Leseprobe Franz Bartelt
Ich kann nicht sprechen
Da die Leute mich lesen, glauben sie, ich spräche.
Doch das Schreiben ist eine Kunst des Schweigens
und der Sammlung. Nur die Verkaufsförderung
der Bücher gibt Anlass zu bestimmten Formen von
Reklame und Rummel. Ich sage nichts gegen diese
Praktiken. Ich bekenne lediglich, dass ich, von ganz
seltenen Ausnahmen abgesehen, nie Romane von
Autoren lese, die sich allzu hartnäckig im Fernsehen
oder Radio produzieren. Das ist kein Prinzip von mir,
weder Vorurteil noch Voreingenommenheit. Aber
ich habe nicht die geringste Lust, einen Romancier
zu entdecken, den ich schon zur Genüge aus den
Medien kenne und von dem ich den Eindruck habe,
er schreibe sein Buch mit dem Hintergedanken, sein
Gesicht auf der Mattscheibe zeigen zu können. Und
sich zu Wort melden zu dürfen.
Ich habe nichts dagegen.
Das ist vermutlich eine Frage des Naturells. Es gibt
Schwätzer und Schweiger. Zur zweiten Kategorie zu
gehören, ist nicht unbedingt ein Vorzug. Ich wäre
sogar versucht, das Gegenteil zu glauben, wäre ich
noch so unvorsichtig, irgendetwas zu glauben.

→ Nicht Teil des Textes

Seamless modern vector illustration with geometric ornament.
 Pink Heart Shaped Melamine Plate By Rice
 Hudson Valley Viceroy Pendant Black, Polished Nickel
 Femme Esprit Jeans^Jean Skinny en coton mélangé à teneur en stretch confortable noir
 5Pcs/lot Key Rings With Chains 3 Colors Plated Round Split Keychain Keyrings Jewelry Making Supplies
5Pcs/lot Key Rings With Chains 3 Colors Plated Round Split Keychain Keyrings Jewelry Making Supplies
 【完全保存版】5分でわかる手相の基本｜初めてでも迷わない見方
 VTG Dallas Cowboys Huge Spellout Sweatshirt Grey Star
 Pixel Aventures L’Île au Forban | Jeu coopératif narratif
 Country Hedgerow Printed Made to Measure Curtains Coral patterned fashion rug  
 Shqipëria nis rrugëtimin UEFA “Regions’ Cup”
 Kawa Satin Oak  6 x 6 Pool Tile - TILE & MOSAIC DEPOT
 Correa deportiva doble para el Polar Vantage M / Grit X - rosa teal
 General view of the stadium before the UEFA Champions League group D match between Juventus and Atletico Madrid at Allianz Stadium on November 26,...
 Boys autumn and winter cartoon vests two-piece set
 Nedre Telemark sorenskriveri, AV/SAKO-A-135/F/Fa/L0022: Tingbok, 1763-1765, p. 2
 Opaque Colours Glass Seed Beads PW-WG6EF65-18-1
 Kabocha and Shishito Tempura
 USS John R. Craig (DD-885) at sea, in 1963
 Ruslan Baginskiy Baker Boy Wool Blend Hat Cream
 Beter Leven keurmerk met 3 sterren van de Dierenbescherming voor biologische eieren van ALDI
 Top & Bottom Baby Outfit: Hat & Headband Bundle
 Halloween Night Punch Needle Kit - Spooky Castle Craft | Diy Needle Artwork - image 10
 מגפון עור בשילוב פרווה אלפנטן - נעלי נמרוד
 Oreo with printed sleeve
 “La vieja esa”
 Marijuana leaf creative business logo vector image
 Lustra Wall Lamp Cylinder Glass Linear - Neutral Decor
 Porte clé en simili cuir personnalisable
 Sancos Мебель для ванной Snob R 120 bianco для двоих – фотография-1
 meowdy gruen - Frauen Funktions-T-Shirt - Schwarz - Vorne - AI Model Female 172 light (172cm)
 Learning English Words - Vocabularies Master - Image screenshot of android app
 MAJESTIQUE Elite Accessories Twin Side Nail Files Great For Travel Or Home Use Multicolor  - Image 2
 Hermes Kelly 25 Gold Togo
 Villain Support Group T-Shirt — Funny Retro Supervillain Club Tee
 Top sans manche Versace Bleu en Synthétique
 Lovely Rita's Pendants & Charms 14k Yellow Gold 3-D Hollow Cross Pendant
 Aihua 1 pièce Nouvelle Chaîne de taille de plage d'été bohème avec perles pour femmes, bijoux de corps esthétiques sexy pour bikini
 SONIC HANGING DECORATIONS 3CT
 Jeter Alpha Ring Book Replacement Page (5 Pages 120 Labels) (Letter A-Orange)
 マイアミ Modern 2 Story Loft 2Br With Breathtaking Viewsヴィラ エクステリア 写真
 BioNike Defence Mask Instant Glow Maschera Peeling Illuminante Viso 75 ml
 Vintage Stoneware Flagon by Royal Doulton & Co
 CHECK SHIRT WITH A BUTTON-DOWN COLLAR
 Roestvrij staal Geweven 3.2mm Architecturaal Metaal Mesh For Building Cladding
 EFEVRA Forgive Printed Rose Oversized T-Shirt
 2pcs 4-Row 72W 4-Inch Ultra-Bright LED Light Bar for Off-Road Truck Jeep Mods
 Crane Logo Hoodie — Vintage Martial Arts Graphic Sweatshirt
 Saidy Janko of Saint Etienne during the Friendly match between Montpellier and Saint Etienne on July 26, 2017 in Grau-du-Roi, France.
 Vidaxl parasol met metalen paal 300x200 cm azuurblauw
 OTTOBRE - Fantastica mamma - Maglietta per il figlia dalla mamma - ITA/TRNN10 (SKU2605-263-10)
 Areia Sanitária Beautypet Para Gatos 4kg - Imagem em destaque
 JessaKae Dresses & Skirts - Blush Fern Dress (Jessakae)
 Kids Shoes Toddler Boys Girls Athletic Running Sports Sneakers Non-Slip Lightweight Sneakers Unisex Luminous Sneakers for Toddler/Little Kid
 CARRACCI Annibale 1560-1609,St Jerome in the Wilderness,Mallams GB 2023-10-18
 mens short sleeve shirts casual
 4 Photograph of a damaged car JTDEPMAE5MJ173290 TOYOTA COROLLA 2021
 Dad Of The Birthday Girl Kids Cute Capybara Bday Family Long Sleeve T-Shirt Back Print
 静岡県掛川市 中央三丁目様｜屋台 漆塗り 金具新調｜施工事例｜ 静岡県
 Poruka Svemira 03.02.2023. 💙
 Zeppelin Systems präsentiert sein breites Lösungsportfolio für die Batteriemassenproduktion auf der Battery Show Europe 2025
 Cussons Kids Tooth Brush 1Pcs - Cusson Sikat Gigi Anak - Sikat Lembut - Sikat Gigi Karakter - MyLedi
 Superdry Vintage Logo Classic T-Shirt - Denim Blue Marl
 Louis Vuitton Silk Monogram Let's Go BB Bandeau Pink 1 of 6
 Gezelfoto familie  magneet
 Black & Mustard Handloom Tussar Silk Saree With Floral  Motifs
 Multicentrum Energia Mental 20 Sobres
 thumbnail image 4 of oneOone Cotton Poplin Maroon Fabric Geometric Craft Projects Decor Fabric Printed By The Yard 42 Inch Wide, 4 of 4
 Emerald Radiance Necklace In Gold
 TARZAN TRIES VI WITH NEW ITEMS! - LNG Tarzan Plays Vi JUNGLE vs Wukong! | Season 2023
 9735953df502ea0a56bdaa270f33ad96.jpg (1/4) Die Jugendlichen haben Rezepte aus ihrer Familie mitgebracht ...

Mir hat mal jemand auseinandergesetzt, dass sich
der Wert eines Buchs nicht nach der Zahl seiner
Leser bemisst, oder der seiner Käufer, sondern nach
der Zahl der Fernsehauftritte, die sich sein Verfasser
zu verschaffen weiß.
Damals hat mich dieser Gedanke erbost. Ich war
fünfzehn Jahre jünger, und meine Wertvorstellungen
hatten sich noch nicht an so vielen Enttäuschungen
verschlissen. Inzwischen bin ich langsam zu meinen
Ausgangspositionen zurückgekehrt und wieder zu
der Einsicht gelangt, dass in der Welt der Literatur
nichts geht ohne die Mitwirkung des Fernsehens
und Radios. Vor allem des Fernsehens. Ich könnte
eine lange Liste von Autoren aufstellen, über die
ich mühelos eine Doktorarbeit schreiben könnte,
ohne jemals eine Zeile von ihnen gelesen zu haben,
so sehr habe ich das Gefühl, schon lange mit ihnen
vertraut zu sein und alle ihre Absichten und Vorstellungen
zu kennen. Noch nie waren die literarischen
Landstriche so genau erkundet und vermessen.